Reproduce exactly the line that contains "Set - Triumph Speed 400 2023-2024" and every line after it through the end of the records below, leaving out all pictures.

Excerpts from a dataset
----

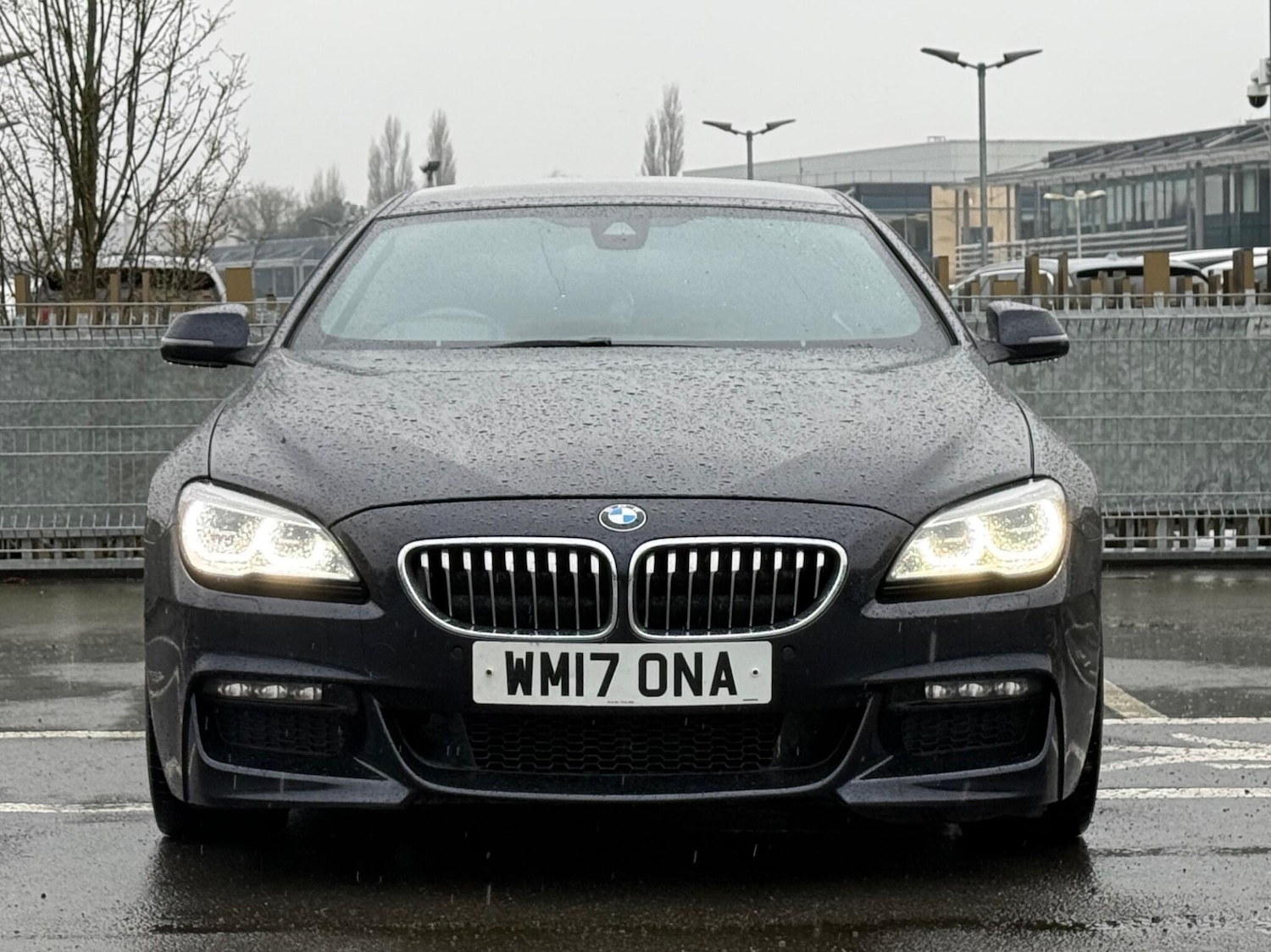 Used BMW 6 Series 2017 for sale - 77411935: Photo 2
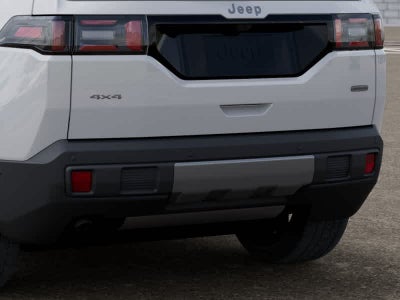 2026 Jeep Cherokee CHEROKEE OVERLAND 4X4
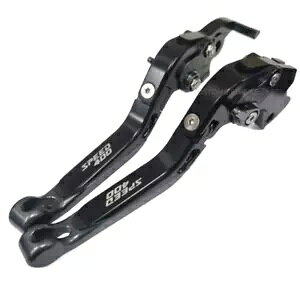 g\Ȓ\ȃNb` & u[L o[ Zbg - Triumph Speed 400 2023-2024 Extendable Adjustable Clutch & Brake Lever Set - Triumph Speed 400 2023-2024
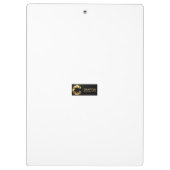 Porte-bloc Wild West Planner (Dos)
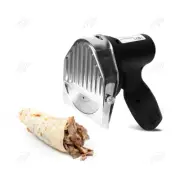 Wireless Electric Kebab Slicer Shawarma Doner Gyro Meat Cutter Rechargeable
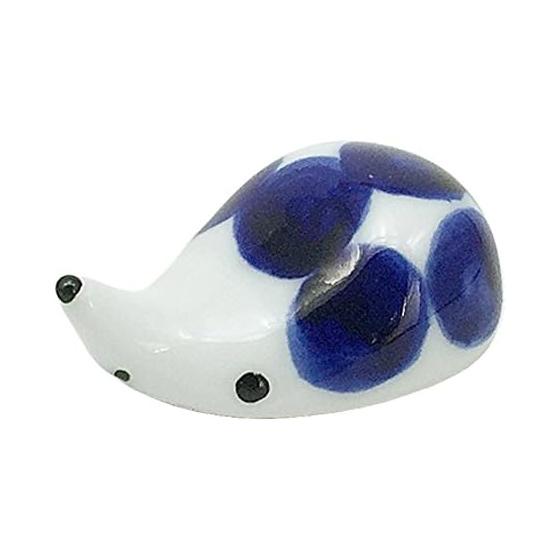 Hasamiyaki Harry Rest (Large) Soap - A shaped rest that can also be enjoyed as a small ornament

----

ANSWER SPACE:
 g\Ȓ\ȃNb` & u[L o[ Zbg - Triumph Speed 400 2023-2024 Extendable Adjustable Clutch & Brake Lever Set - Triumph Speed 400 2023-2024
 Porte-bloc Wild West Planner (Dos)
 Wireless Electric Kebab Slicer Shawarma Doner Gyro Meat Cutter Rechargeable
 Hasamiyaki Harry Rest (Large) Soap - A shaped rest that can also be enjoyed as a small ornament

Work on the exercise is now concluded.